Short web captions:
[Start of section]

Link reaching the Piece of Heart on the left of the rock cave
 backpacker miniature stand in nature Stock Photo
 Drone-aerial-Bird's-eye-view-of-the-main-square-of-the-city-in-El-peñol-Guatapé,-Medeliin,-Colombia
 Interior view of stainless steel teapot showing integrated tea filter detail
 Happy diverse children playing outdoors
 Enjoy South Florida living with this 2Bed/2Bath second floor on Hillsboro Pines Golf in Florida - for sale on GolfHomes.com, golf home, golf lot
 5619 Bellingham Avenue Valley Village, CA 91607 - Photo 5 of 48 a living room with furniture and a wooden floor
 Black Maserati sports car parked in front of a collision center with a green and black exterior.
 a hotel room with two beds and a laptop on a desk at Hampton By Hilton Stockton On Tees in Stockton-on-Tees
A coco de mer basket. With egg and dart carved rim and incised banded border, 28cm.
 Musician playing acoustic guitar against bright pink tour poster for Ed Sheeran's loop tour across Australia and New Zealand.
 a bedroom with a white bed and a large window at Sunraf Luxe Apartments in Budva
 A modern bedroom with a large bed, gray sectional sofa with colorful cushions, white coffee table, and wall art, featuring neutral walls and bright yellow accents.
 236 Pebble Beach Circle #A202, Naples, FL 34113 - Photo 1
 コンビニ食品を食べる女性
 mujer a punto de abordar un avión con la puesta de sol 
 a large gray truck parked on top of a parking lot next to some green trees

[End of section]

● **Problem requirements**:
Give only the count of lines in the data that include the string "parked".

● **Problem solution**:
2